Supplied information: Begin

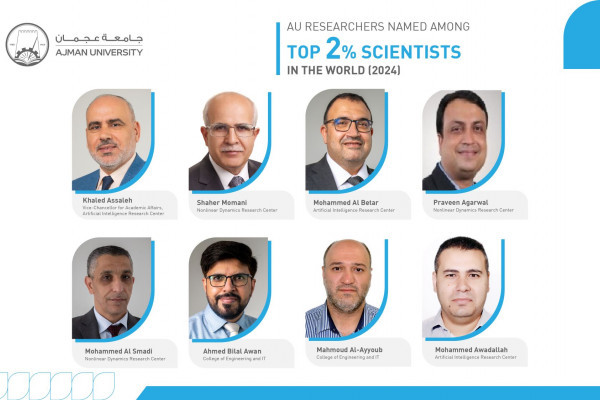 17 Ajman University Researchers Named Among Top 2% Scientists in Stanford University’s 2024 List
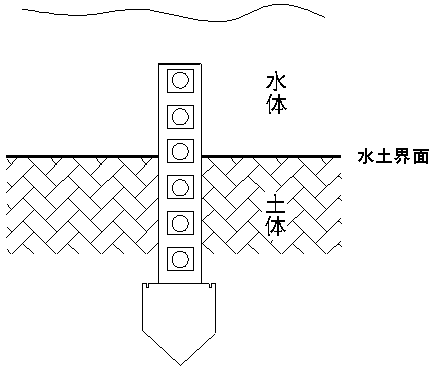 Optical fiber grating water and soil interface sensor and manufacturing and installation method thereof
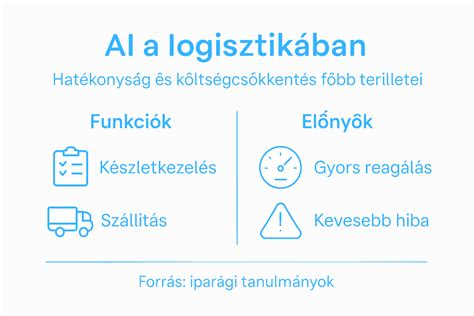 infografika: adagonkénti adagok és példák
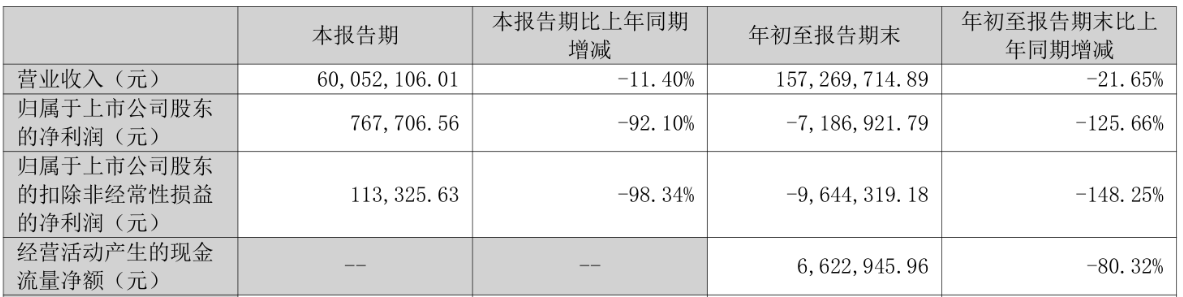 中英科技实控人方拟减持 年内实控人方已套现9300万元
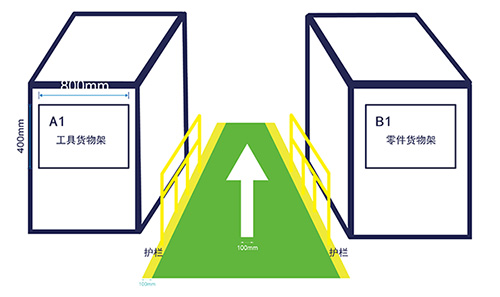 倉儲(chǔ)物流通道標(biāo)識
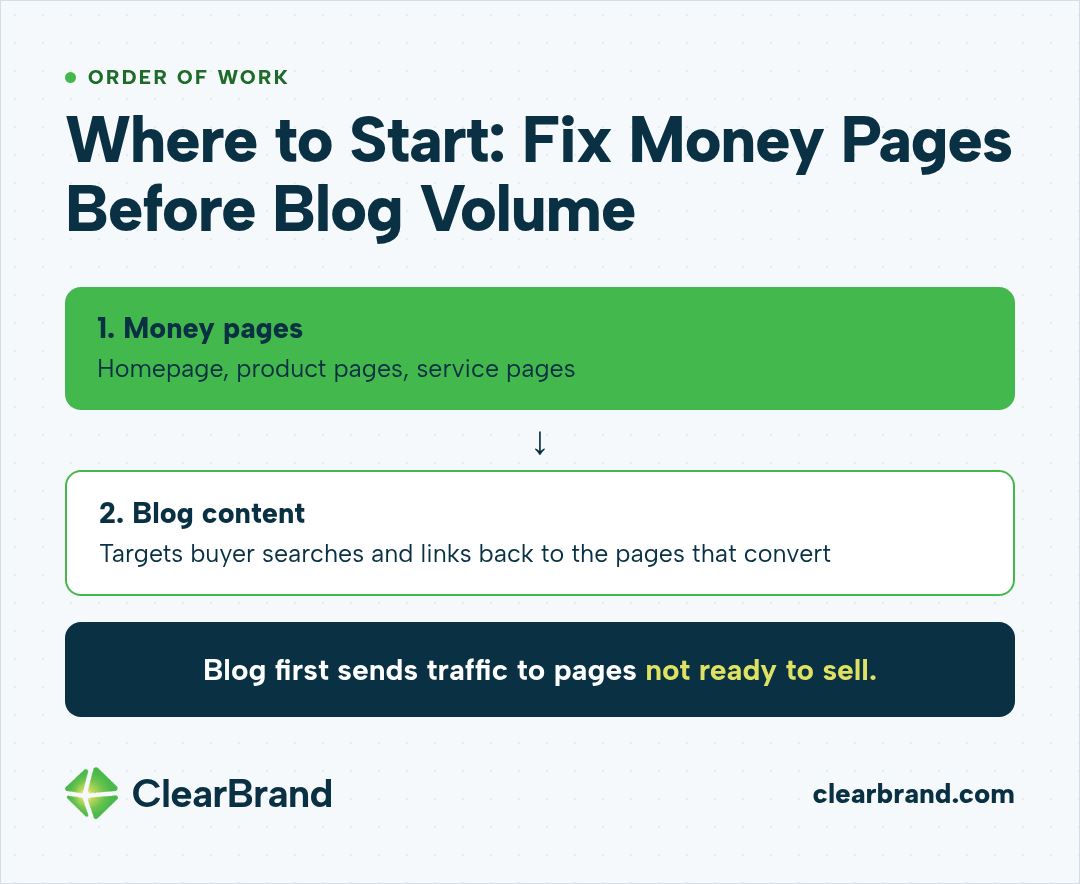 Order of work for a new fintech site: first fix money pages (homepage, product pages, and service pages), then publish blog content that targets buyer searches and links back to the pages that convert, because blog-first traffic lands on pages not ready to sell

Supplied information: End
Supplied information: Begin

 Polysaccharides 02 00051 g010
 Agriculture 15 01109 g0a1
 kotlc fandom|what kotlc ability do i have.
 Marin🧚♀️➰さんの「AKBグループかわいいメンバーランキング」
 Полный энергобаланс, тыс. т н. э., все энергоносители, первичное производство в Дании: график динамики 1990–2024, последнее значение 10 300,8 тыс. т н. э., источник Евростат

Supplied information: End
Supplied information: Begin

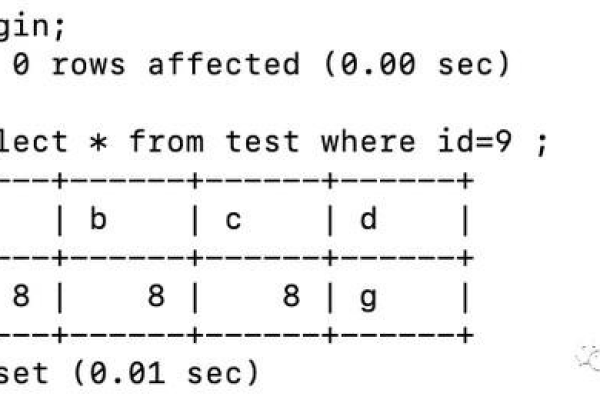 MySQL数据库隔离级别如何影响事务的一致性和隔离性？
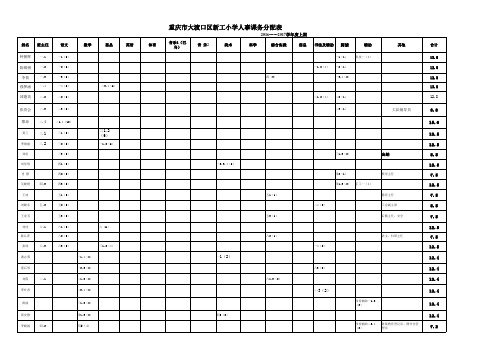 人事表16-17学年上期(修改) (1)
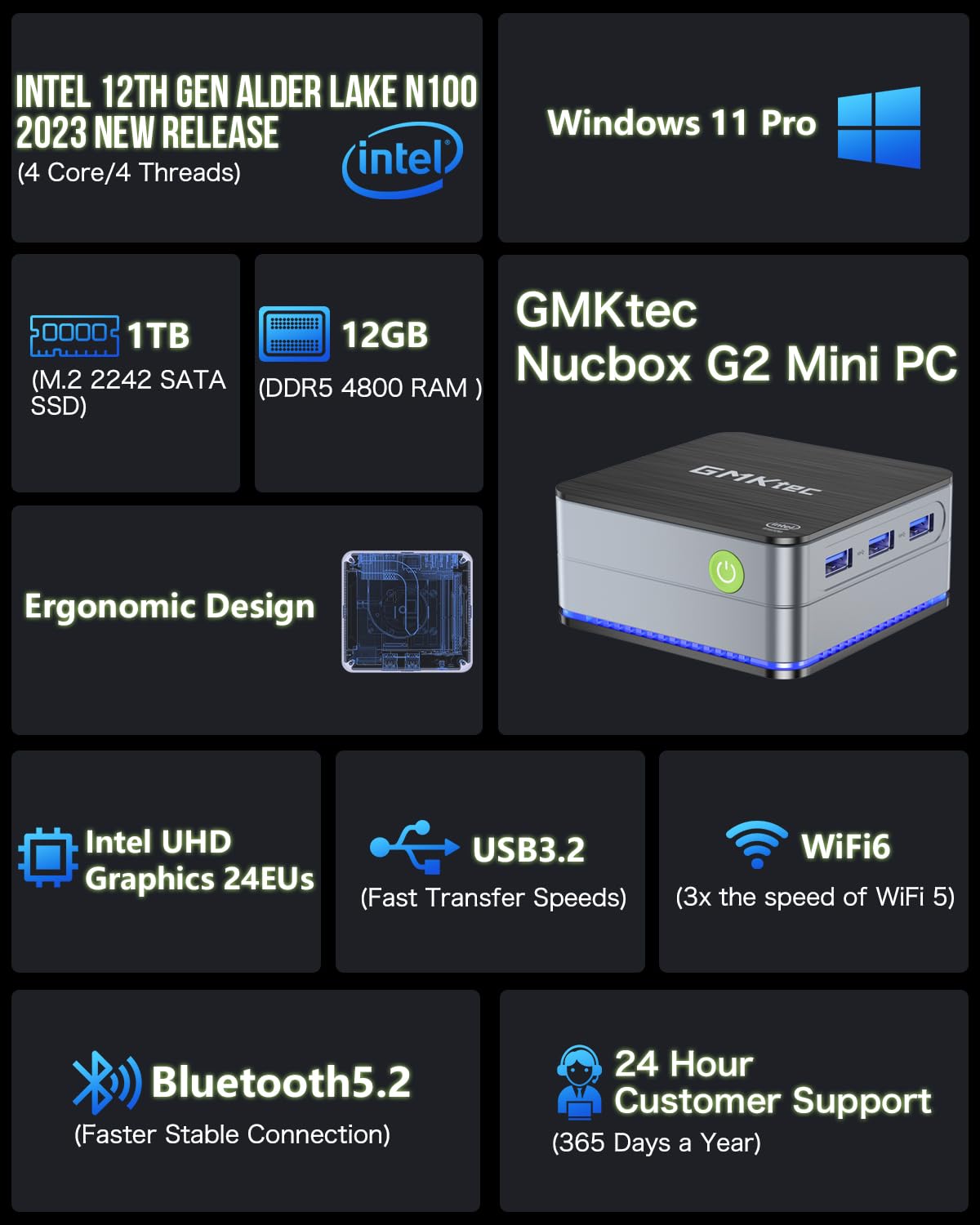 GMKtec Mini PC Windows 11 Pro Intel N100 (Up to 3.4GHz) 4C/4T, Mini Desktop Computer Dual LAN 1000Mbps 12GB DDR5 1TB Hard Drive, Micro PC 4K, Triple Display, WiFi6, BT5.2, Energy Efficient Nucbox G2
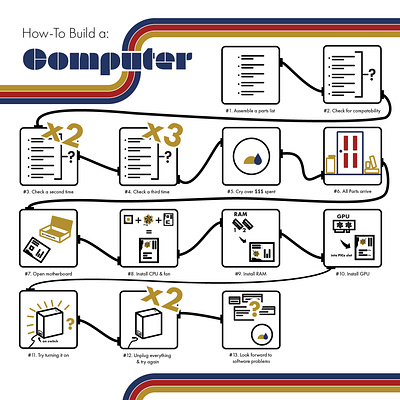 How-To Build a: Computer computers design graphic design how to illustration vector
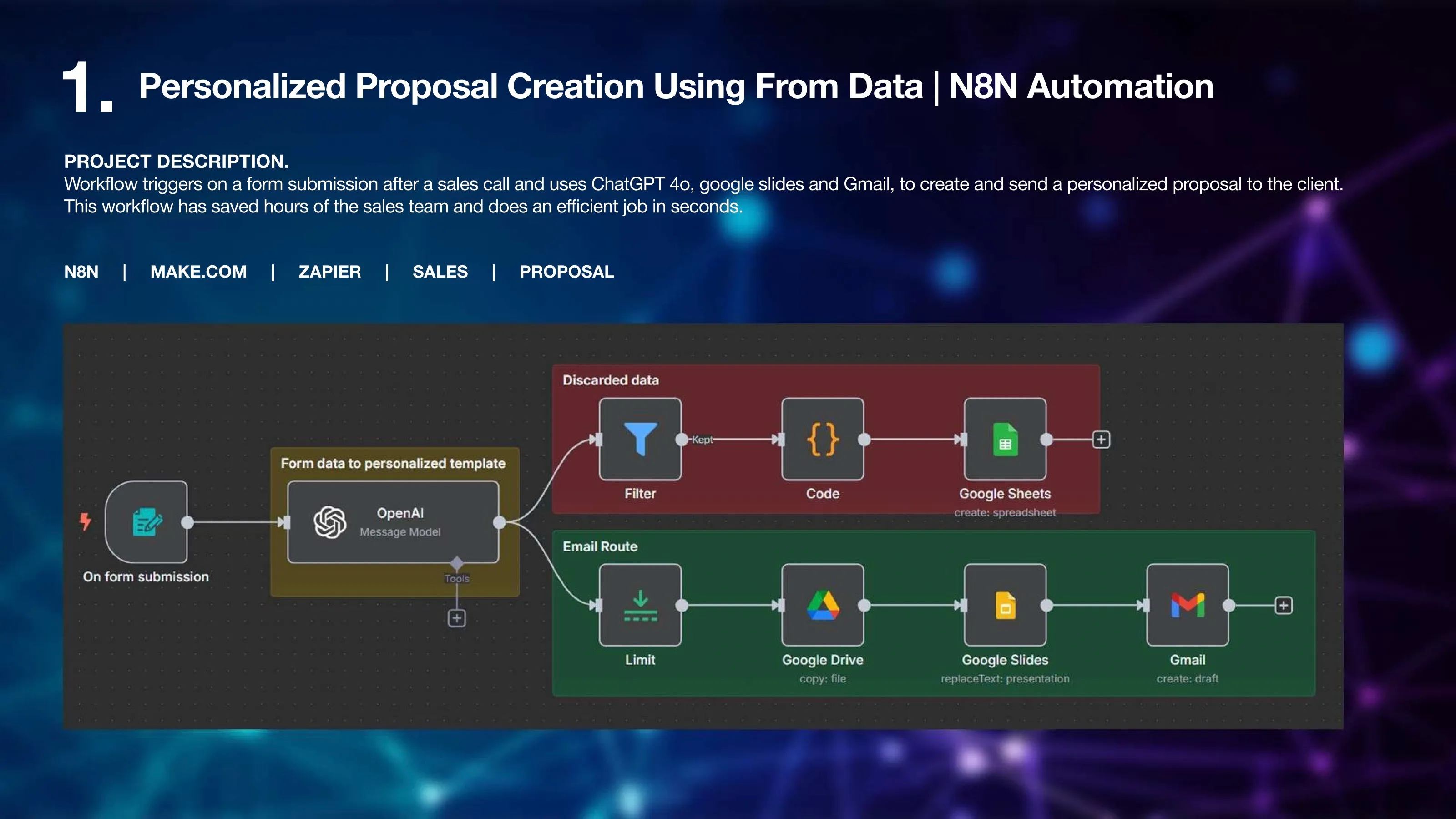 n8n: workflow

Supplied information: End

** What you have to do **
Leaving out each picture, repeat exactly the lines above from the one that contains "Optical fiber grating" through the one that contains "Order of work".

** Output below **
 Optical fiber grating water and soil interface sensor and manufacturing and installation method thereof
 infografika: adagonkénti adagok és példák
 中英科技实控人方拟减持 年内实控人方已套现9300万元
 倉儲(chǔ)物流通道標(biāo)識
 Order of work for a new fintech site: first fix money pages (homepage, product pages, and service pages), then publish blog content that targets buyer searches and links back to the pages that convert, because blog-first traffic lands on pages not ready to sell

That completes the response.